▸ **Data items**
++++++++++
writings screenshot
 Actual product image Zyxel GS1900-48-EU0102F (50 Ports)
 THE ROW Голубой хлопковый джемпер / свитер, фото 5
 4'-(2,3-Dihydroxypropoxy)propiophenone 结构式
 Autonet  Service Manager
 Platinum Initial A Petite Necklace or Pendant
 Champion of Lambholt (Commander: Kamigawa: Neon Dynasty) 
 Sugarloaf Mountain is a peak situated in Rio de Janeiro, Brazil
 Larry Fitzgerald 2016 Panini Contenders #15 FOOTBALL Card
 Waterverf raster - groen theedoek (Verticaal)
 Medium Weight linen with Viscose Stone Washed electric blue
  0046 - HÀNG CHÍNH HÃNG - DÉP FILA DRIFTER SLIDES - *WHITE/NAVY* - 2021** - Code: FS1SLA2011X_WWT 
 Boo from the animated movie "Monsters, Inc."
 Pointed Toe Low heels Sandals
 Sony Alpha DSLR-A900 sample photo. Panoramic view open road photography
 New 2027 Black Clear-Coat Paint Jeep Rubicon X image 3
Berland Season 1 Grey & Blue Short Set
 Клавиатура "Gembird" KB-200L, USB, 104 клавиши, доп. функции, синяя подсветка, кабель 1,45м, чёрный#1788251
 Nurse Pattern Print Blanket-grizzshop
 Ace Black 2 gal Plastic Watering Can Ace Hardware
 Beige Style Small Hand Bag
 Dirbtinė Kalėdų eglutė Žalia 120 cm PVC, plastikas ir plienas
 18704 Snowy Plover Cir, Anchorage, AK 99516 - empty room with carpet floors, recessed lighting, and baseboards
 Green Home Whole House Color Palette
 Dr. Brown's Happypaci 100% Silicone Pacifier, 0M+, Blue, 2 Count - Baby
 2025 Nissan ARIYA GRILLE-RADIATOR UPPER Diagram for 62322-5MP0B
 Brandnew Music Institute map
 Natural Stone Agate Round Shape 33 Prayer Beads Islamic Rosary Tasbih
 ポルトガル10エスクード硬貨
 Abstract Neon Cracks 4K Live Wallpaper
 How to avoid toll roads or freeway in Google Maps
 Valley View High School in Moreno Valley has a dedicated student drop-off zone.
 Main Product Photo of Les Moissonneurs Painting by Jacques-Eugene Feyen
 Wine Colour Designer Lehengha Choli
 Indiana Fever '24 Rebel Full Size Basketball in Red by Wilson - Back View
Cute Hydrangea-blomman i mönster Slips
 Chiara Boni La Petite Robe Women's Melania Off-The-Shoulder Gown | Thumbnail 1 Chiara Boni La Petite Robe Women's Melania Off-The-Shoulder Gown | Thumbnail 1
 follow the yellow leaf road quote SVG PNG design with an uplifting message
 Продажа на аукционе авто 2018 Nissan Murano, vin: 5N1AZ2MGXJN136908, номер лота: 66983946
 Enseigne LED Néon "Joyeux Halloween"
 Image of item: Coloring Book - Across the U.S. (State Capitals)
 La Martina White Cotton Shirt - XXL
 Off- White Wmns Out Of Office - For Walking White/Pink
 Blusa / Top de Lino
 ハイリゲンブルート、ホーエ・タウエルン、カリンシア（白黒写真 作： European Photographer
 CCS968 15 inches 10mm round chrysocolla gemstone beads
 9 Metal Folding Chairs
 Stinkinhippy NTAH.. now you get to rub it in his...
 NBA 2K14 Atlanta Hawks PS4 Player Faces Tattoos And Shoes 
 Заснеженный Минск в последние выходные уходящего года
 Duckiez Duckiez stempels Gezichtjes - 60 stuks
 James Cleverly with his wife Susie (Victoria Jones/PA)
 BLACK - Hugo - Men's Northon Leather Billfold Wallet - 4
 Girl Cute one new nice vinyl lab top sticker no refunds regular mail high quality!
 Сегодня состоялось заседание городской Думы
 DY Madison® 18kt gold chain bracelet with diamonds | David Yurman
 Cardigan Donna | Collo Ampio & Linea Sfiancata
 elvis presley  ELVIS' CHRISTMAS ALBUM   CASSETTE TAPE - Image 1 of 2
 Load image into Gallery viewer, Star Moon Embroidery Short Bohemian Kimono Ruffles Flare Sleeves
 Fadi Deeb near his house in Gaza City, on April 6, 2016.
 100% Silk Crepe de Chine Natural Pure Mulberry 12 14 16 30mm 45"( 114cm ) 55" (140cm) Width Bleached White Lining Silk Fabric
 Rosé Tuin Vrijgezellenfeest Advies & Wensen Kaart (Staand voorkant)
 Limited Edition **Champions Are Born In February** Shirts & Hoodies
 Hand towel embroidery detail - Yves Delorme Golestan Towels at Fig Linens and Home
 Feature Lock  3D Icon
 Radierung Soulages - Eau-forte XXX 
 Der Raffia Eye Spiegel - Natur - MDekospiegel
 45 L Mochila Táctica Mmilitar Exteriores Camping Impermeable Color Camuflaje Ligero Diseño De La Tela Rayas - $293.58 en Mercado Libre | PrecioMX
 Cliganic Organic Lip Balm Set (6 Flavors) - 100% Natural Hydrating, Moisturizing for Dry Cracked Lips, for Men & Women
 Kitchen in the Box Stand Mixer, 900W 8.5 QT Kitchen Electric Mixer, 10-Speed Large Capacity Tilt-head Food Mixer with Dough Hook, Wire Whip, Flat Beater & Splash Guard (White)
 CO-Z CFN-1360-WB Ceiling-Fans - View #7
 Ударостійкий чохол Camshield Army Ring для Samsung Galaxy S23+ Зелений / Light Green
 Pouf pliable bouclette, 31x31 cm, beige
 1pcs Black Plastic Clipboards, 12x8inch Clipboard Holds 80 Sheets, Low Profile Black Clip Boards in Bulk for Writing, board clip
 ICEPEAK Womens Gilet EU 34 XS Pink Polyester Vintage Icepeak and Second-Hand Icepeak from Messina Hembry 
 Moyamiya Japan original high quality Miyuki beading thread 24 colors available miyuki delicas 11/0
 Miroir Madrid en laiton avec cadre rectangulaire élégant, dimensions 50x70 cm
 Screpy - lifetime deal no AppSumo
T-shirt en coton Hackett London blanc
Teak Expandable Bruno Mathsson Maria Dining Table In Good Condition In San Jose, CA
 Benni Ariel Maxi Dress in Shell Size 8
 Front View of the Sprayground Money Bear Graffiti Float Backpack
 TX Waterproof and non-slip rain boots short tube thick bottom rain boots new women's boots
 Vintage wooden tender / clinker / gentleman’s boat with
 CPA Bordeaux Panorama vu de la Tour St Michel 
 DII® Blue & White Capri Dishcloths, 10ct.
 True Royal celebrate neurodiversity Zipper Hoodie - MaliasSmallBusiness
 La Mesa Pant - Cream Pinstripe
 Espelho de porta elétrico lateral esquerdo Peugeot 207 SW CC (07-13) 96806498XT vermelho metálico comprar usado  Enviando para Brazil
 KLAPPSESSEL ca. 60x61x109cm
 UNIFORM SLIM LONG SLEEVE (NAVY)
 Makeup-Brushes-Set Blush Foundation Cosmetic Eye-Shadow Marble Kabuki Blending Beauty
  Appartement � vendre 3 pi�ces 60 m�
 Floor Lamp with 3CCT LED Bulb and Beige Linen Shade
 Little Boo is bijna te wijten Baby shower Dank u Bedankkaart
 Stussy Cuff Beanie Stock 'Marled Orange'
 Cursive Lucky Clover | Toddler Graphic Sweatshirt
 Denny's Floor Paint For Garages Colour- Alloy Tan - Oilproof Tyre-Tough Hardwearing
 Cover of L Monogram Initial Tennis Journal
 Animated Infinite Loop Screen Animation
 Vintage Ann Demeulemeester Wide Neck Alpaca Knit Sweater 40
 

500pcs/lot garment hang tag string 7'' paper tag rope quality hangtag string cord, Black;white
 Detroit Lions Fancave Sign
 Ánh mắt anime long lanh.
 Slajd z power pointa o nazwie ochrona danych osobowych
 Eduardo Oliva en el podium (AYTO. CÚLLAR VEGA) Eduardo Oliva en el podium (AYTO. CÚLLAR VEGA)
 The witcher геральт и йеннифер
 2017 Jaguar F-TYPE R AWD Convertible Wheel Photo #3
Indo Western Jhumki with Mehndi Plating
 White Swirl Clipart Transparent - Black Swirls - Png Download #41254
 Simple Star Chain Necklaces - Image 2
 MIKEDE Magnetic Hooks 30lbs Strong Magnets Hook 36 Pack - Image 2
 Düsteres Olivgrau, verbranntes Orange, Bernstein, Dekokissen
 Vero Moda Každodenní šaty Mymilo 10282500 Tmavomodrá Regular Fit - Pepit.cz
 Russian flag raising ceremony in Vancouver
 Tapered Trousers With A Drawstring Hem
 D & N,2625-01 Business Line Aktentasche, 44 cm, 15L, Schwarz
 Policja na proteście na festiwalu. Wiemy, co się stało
++++++++++
▸ **Instructions to follow**
All that is wanted is an exact copy of the lines above from the one with "BLACK - Hugo" through the one with "DY Madison® 18kt", with both ends included.

▸ **Solution for this exercise**
 BLACK - Hugo - Men's Northon Leather Billfold Wallet - 4
 Girl Cute one new nice vinyl lab top sticker no refunds regular mail high quality!
 Сегодня состоялось заседание городской Думы
 DY Madison® 18kt gold chain bracelet with diamonds | David Yurman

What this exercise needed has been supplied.